Opposition viewAn inflationary budget - Yashwant Sinha
|“The FM has not provided any growth impulses for the economy—especially for an economy—that is on the downstream. It was important to take some tough steps”|
It’s almost like the French monarch Louis XVI words: “after me the deluge”. These Budget proposals certainly would create huge problems for the economy in future. I am left in no doubt that the economy is going to face grim days. In fact, for the first time after liberalisation, the next phase of economic reforms was not spelt out during a Budget. Suffice it to say, it’s just an election stunt and has set no long-term goals for the rural economy, or for industry. Nothing that seems like a vibrant step for a progressive economy was heard in the FM’s speech.
It is not a growth-oriented Budget at all; neither is it an inclusive Budget. The Economic Survey clearly spelt out the challenges before the government. It appears as if the Finance Minister did not read the Economic Survey; he has completely ignored the policy prescriptions encapsulated in the survey. Where will the growth come from when the interest rates continue to be high? It will have a dampening effect on the overall growth as well as individuals.

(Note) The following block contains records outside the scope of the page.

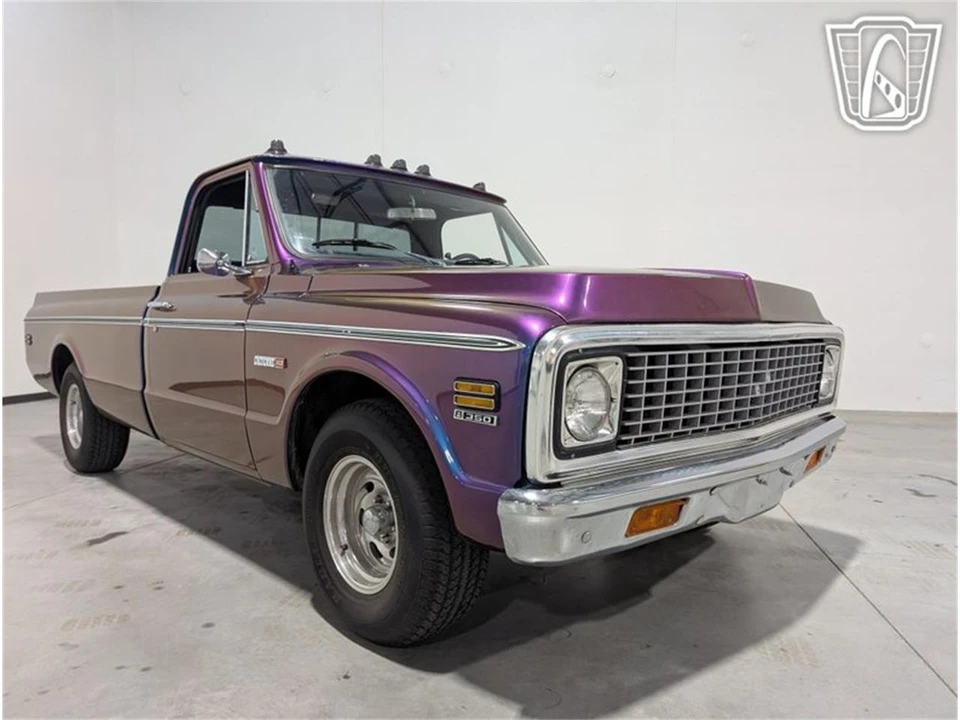 1971 Chevrolet C/K 2nd Gen - Image 21 of 31
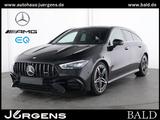 Mercedes-Benz AMG CLA 45 S 4MATIC+ Shooting Brake +MBUX+Wide - Mercedes-Benz CLA 45 AMG Shooting Brake Jahreswagen
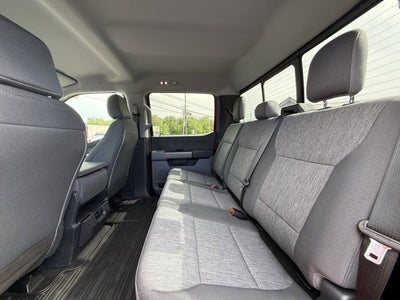 2024 Ford Super Duty F-250 Pickup XL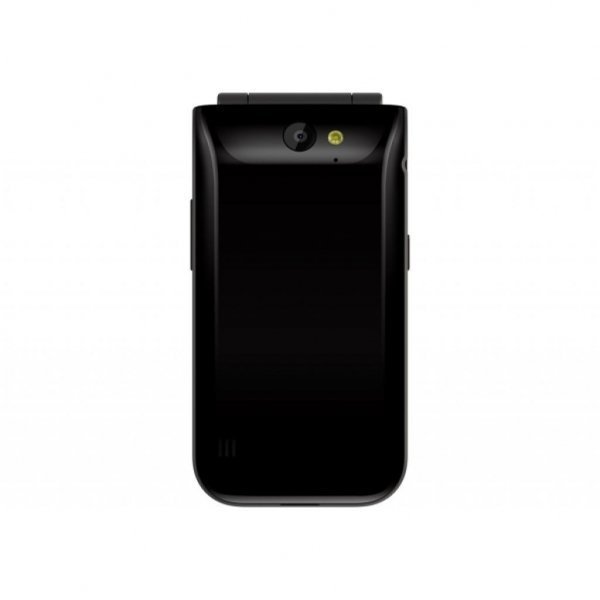 Мобільний телефон Nokia 2720 Flip Black Мобільний телефон Nokia 2720 Flip Black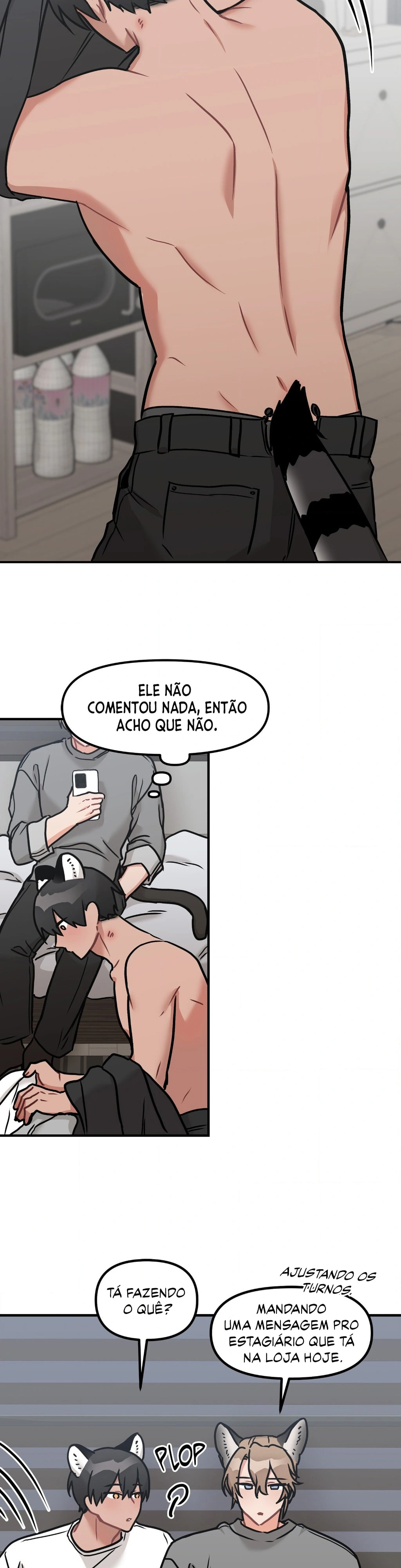 Nutrindo Nossa Natureza Capítulo 8 Página 7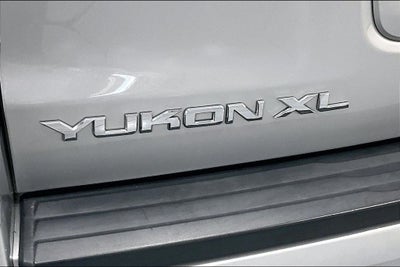 2017 GMC Yukon XL SLT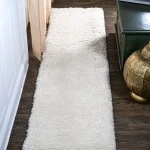 Jonathany Tango CLD100B Ivory Area Rug 2 ft. X 10 ft. Runner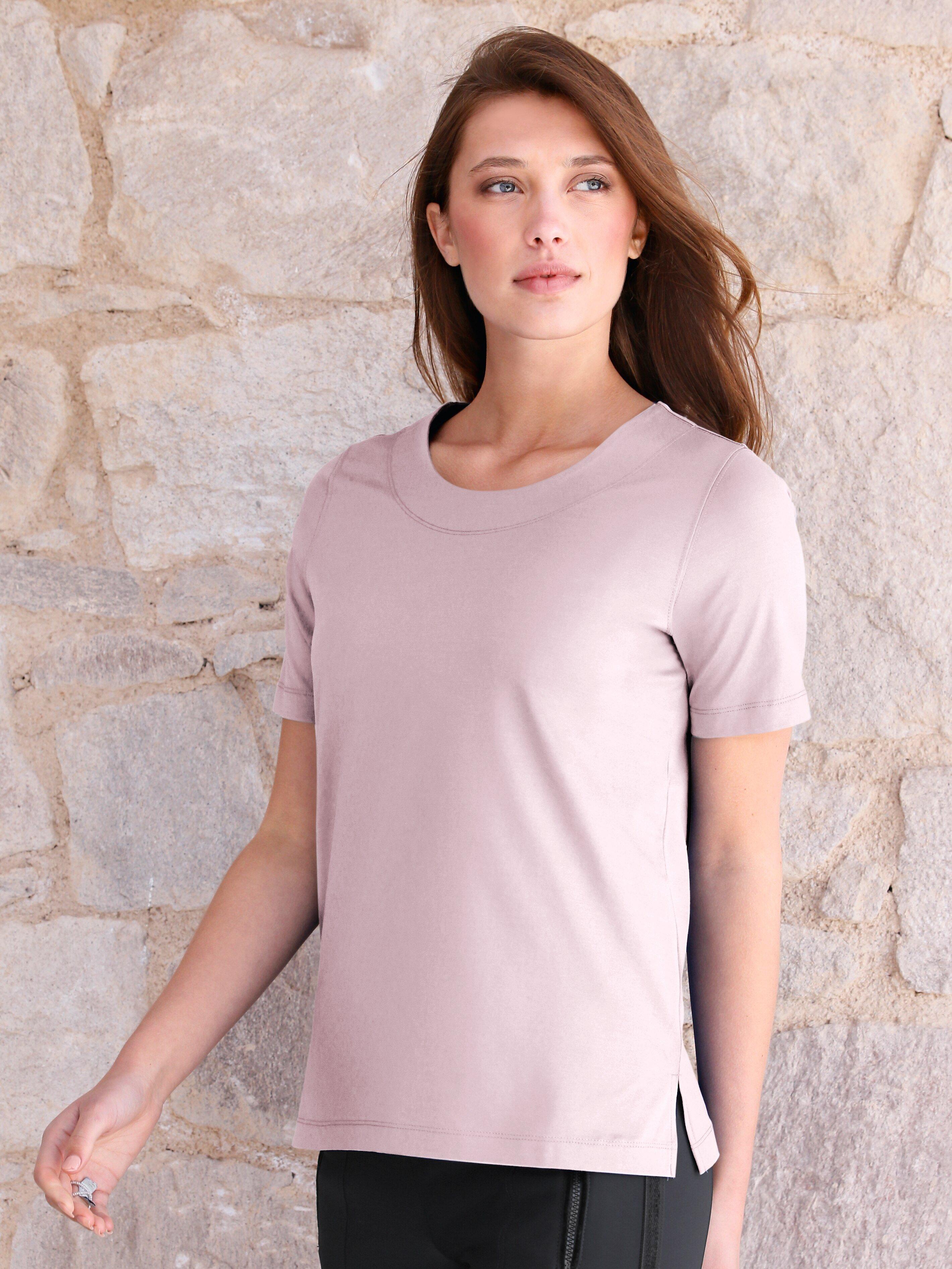 Peter Hahn - Rundhals-Shirt mit 1/2 Arm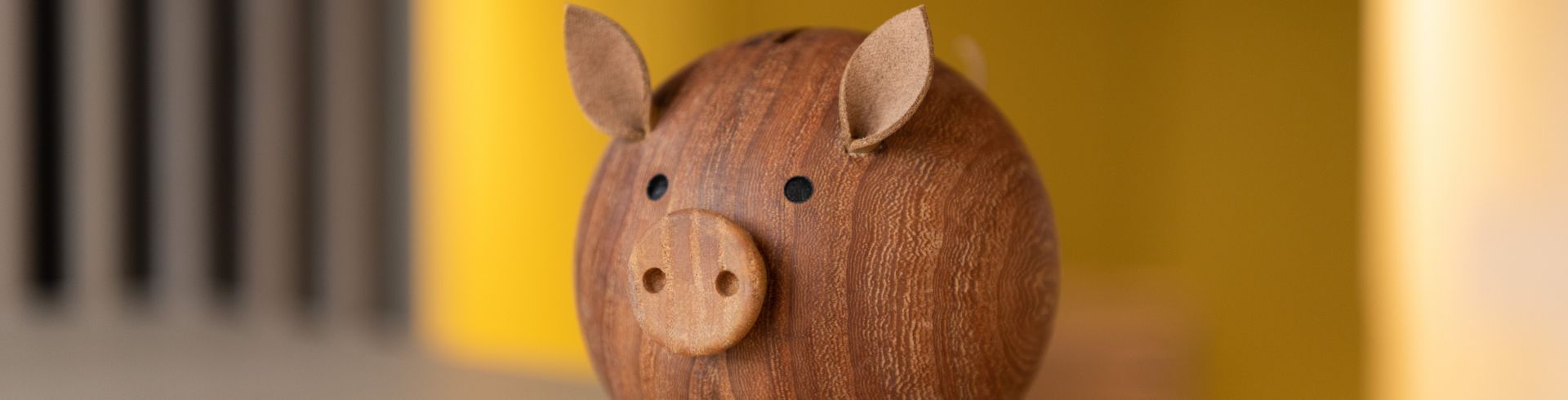 Bild mit Sparschwein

Then there is nothing big in terms of infrastructure, project or industry, so investment demand will slow down and this will lead to a further slowdown in the economy. The Budget has fallen much short of my expectations though industry leaders have a tendency to praise it initially. The FM has not provided any growth impulses for the economy—especially for an economy that is on the downstream. It was important to take some tough steps. Merely increasing the expenditure will not do; in fact, that will add to the inflation.
I would term it as an inflationary Budget. Huge hikes that the FM has provided would certainly add to inflationary pressure. He has nothing to further economic reforms. The only highlight of the Budget is the loan waiver though I don’t know how he will work this out. While the Finance Minister said that he would provide liquidity to the banks over the next three years, he does not know how. His successor will inherit an economy which is already in a slowdown phase. His budgetary proposals would further intensify the slowdown trend. He has postponed the FRBM (Fiscal Responsibility and Budget Management) target with regard to revenue deficit by another year, so his successor will face that challenge also. And in a Budget what goes up does not come down. So, whatever concessions the Finance Minister gives, it’s very difficult to take them back.
I think there should have been some determined steps to control inflation, steps to ensure that the godowns were full, so that we are able to influence prices in the open market. We should have adjusted tax rates to encourage imports wherever it was necessary. Also there was a need to moderate inflation and take steps to moderate interest rates. Situations should have been made favourable for banks to cut rates rather than ordering them to do so. The government should have picked up the bill rather than burdening the banks.